Kindly Eggs
Today we took a wander out to the Industrial Park, to Saigon Department Store and Grocery, another visible reminder of our city's growing diversity (and in particular, its burgeoning Asian community). I'd never visited Saigon before but when a work acquaintence told me last week it had an impressive collection of bags and jewelry I knew it was a must-visit.
She was right - they do have an impressive collection of jewelry and bags, along with a LOT of other interesting imports - but nothing that said "buy me" to me today. However, I did snag this incredibly awesome solar-powered Hello Kitty who does a bit of a side-to-side bobble-dance for your amusement.
I've been a Hello Kitty fan since I was a kid. Any new source of Hello Kittiness is a reason to celebrate. (I held off buying the Hello Kitty desk lamp. For now. [She types, using her Hello Kitty mouse.])
The store also has an impressive grocery section featuring packaged and frozen foods from India, Vietnam, China, Korea, and a few dozen other source countries.
That's where we found the Kindly Eggs. We didn't buy the Kindly Eggs, but we were impressed by the fact that they're proudly LEAD FREE. That's what I look for in my groceries, boy.
Fredericton's individual Asian communities are really each too small to support specialized stores (except for the Chinese community, here for a couple of hundred years - there are a couple of Chinese-oriented groceries) but this group has taken the approach of serving a variety of Asian communities. The place was busy on a Saturday afternoon, and I hope they do very well. We'll be back.

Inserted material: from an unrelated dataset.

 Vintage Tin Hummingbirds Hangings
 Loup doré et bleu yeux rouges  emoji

Incidentally, these photos were taken with my new cellphone, the Samsung M450, sold in the US as the "Rant" and in Canada as the "Slyde". Its selling point for us was the slide-out qwerty keyboard - because of my hearing disability and habit we still send about six texts for every one call.
We got the new phones when switching recently from Rogers to Koodo. Koodo we picked after about a year of research. (Among other advantages, I'll now have coverage while visiting my parents in Newfoundland - Rogers didn't cover their part of the island at all.) But the best thing about the switch, by a country mile, was being able to tell Rogers, with their incomprehensible bills, their "system access fees", and their recent decision to make people pay to receive text messages - as well as send them - to go royally fuck themselves.

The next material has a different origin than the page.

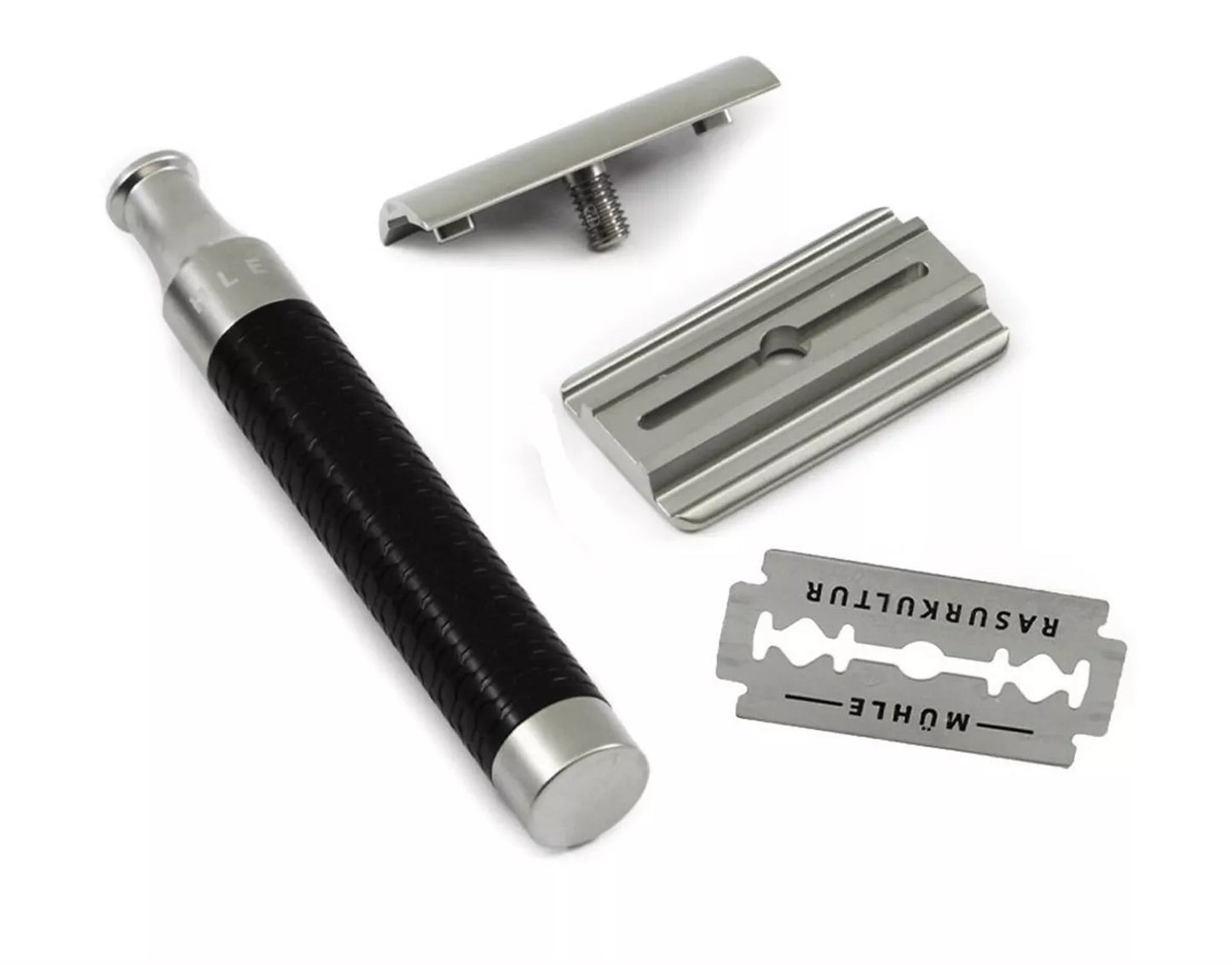 MÜHLE ROCCA STAINLESS STEEL & BLACK SAFETY RAZOR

Ahhh. Sorry to work blue... but it feels so good every time I say it.
ronnie
5 Comments:
I love the fact that Kitty is solar powered!
O my - the eggs: ingredients: duck eggs, salt and ... lye??
That's the thing I like about good ol' American food: it never lyes to you.
Looks like you and I blogged about offbeat shopping experiences at just about the same time, ronnie! What are the odds?
Yes, Ruth, that's a shopper stopper, isn't it? Today some manufacturers soak eggs in lye and salt to produce a quickie version of "century eggs" (or "hundred-year-old eggs" or "thousand-year-old eggs"), which were traditionally made by wrapping eggs in ash, salt, lime, clay and straw (among other materials) and letting them sit for several weeks to months. They're a delicacy in much of Asia and something I have never had the slightest temptation to try. (For one thing, the process turns the whites dark brown and the yolks green. For another, shouldn't eating that, produced by either method, you know, poison you?)
Sherwood, I cannot bleeve you didn't buy a headdress!!! With your beard, you'd look positively biblical! Tut tut tut!!!
ronnie
they may be lead-free, but they were peedan
ME: LOL!
That ties in nicely with the urban legend that century eggs are cured in... horse urine! (This apparently has its roots in the strong ammonia smell that they have.)
Um... it's a legend. Just a legend. I'm sure.